*** Supplied data Section Begins ***

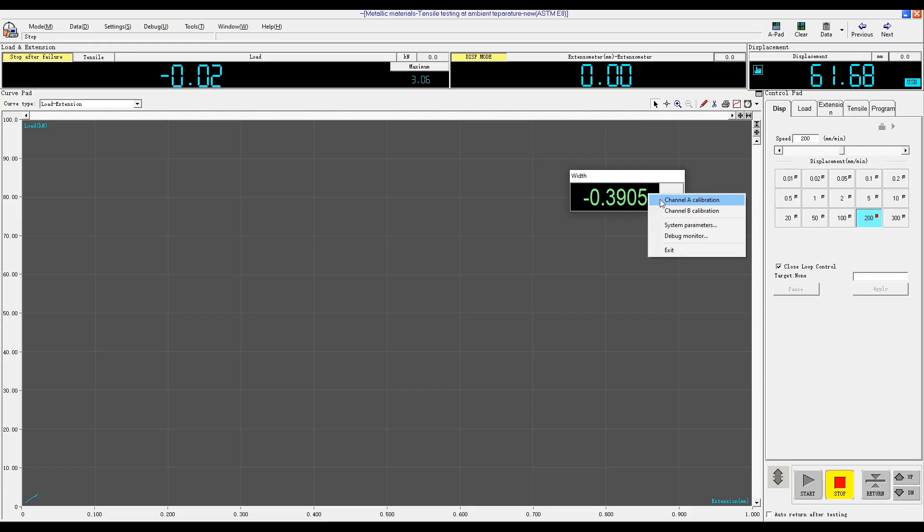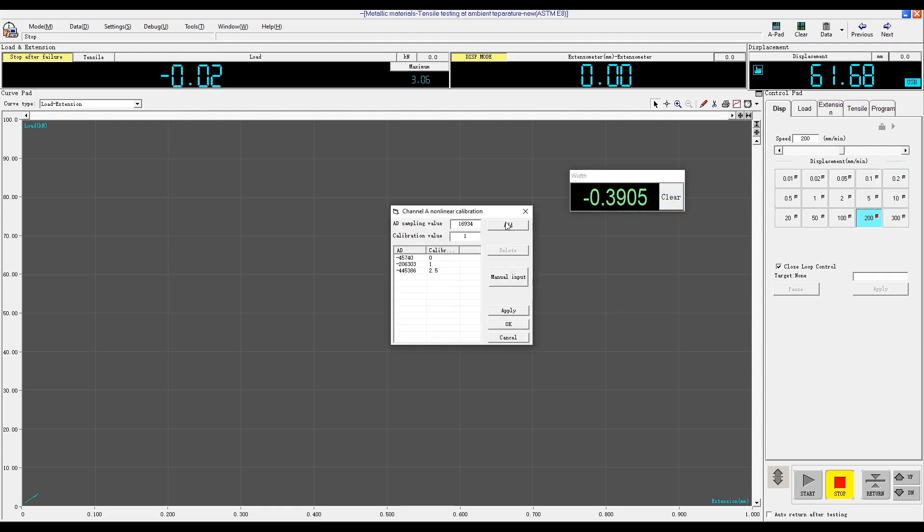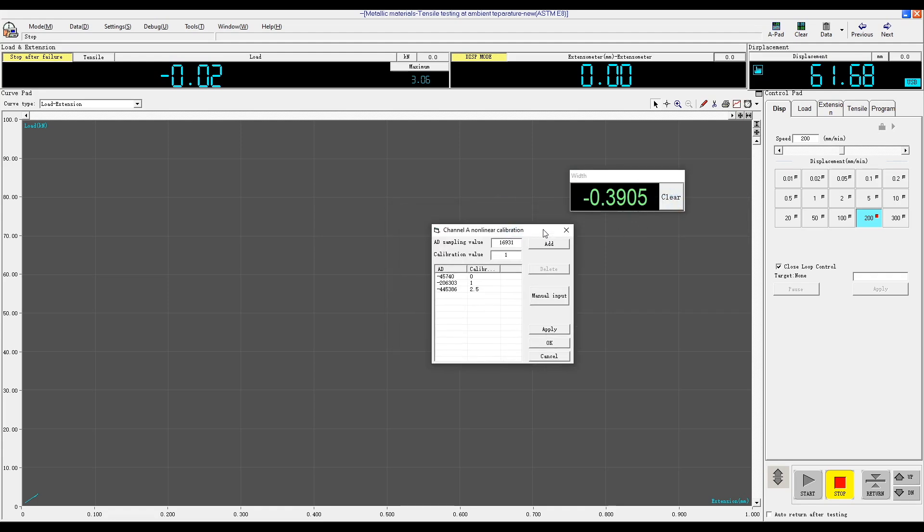Calibrate to 0.5 millimeters and click Add in the software. 1 millimeter, 1.5 millimeters, 2 millimeters, 2.5 millimeters. After adding all of the points, click Apply and click OK.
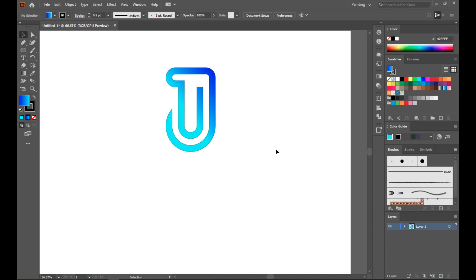Okay, this is our logo. Now you can add the underline, your logo name, or your tagline, anything whatever you want.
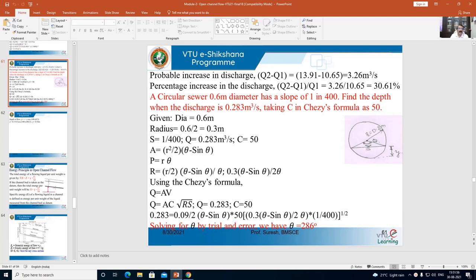In this lecture, we will solve a problem on a circular sewer. A circular sewer of 0.6 meter diameter has a slope of 1 in 400. Find the depth when the discharge is 0.283 cubic meters per second, taking Chezy's constant C as 50.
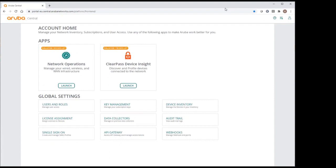A few days ago I received my brand new 8360 CX series switches and I would like to take this opportunity to show you a very nice new improvement of Aruba Central for CX management. I would like to present the UI management for CX switches.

*** Supplied data Section Ends ***

What is required: The expected output is an exact retyping of the lines from the line with "Okay, this is" through the last line of the data, with both ends kept and the pictures dropped.

Exercise solution:
Okay, this is our logo. Now you can add the underline, your logo name, or your tagline, anything whatever you want.
In this lecture, we will solve a problem on a circular sewer. A circular sewer of 0.6 meter diameter has a slope of 1 in 400. Find the depth when the discharge is 0.283 cubic meters per second, taking Chezy's constant C as 50.
A few days ago I received my brand new 8360 CX series switches and I would like to take this opportunity to show you a very nice new improvement of Aruba Central for CX management. I would like to present the UI management for CX switches.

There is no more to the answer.